Google Trends returns weekly data so I have to find a way to merge them with my daily/monthly data.
What I have done so far is to break each serie into daily data, for exemple:
from:
2013-03-03 - 2013-03-09 37
to:
2013-03-03 37 2013-03-04 37 2013-03-05 37 2013-03-06 37 2013-03-07 37 2013-03-08 37 2013-03-09 37
But this is adding a lot of complexity to my problem. I was trying to predict google searchs from the last 6 months values, or 6 values in monthly data. Daily data would imply a work on 180 past values. (I have 10 years of data so 120 points in monthly data / 500+ in weekly data/ 3500+ in daily data)

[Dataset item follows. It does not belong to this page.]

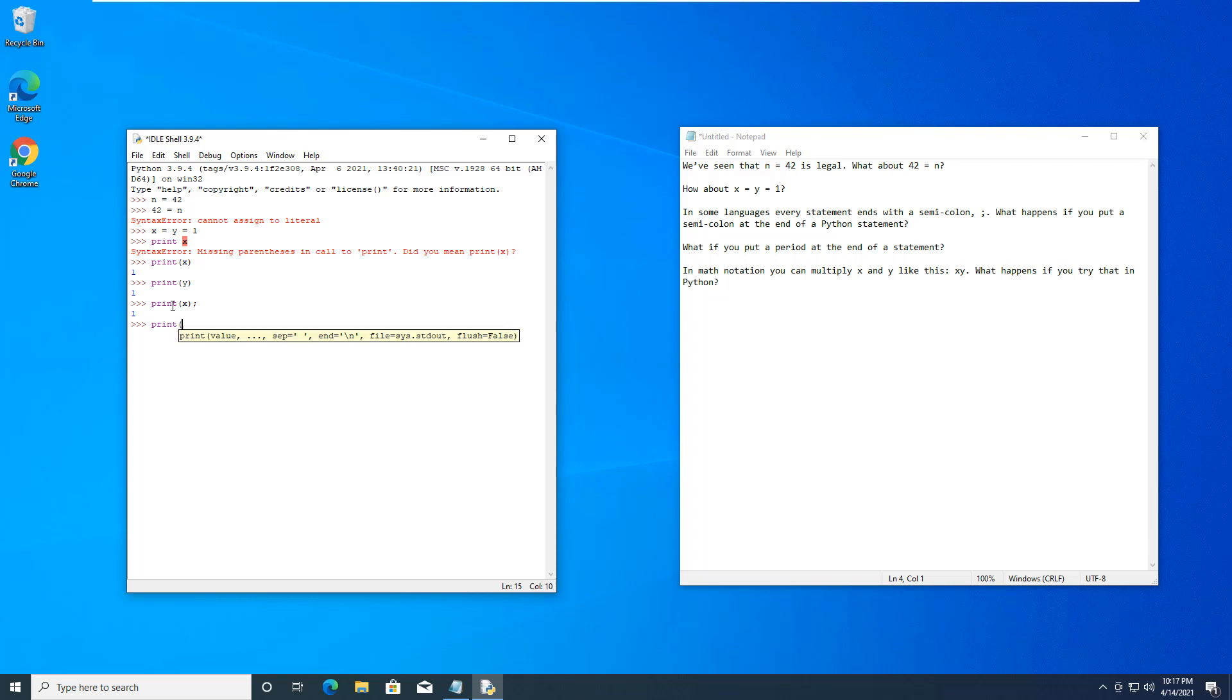What if we try to end with a period? Doesn't like the period. So semicolon works okay, but period it does not.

The other approach would be to "merge" daily data in weekly/monthly data. But some questions arise from this process. Some data can be averaged because their sum represent something. Rainfall for example, the amount of rain in a given week will be the sum of the amounts for each days composing the weeks.

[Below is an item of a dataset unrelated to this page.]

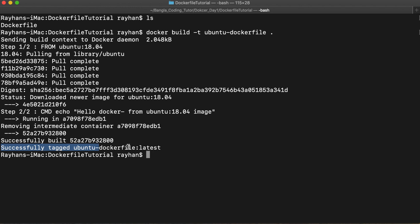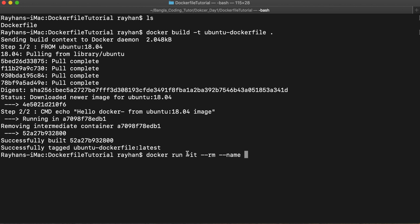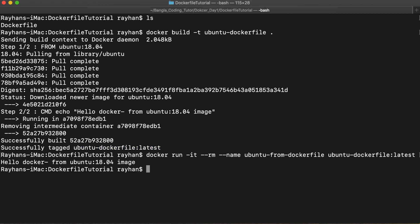It successfully built the image, gave it an ID, and tagged it as 'ubuntu-dockerfile' with the default tag 'latest'. Now to run the image, we use: docker run with the --interactive (-it) flag and --rm to remove the container after use, then give it a name like 'from-dockerfile', and specify the image name. Let's see what happens.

In my case I am dealing with prices, financial rates and other things. For the prices it is common in my field to take volume exchanged into account, so the weekly data would be a weighted average. For financial rates it is a bit more complex a some formulas are involved to build weekly rates from daily rates. For the other things i don't know the underlying properties. I think those properties are important to avoid meaningless indicators (an average of fiancial rates would be a non-sense for example).
So three questions:
For known and unknown properties, how should I proceed to go from daily to weekly/monthly data ?

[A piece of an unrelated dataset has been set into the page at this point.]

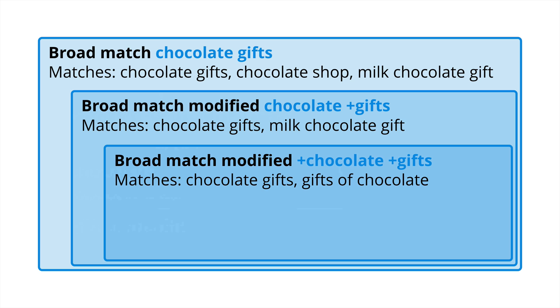And you can see here you can put plus signs in front of one of the terms, so for example the second box chocolate plus gifts means we're matching gifts more precisely, but you can also put plus signs in front of multiple terms within the keyword. So plus chocolate plus gifts means that we're that much more precise, so you can also use broad match modified keywords inside the term that you're bidding on.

I feel like breaking weekly/monthly data into daily data like i've done is somewhat wrong because I am introducing quantities that have no sense in real life. So almost the same question:
For known and unknown properties, how should I proceed to go from weekly/monthly to daily data ?
Last but not least: when given two time series with different time steps, what is better: Using the Lowest or the biggest time step ? I think this is a compromise between the number of data and the complexity of the model but I can't see any strong argument to choose between those options.
Edit: if you know a tool (in R Python even Excel) to do it easily it would be very appreciated.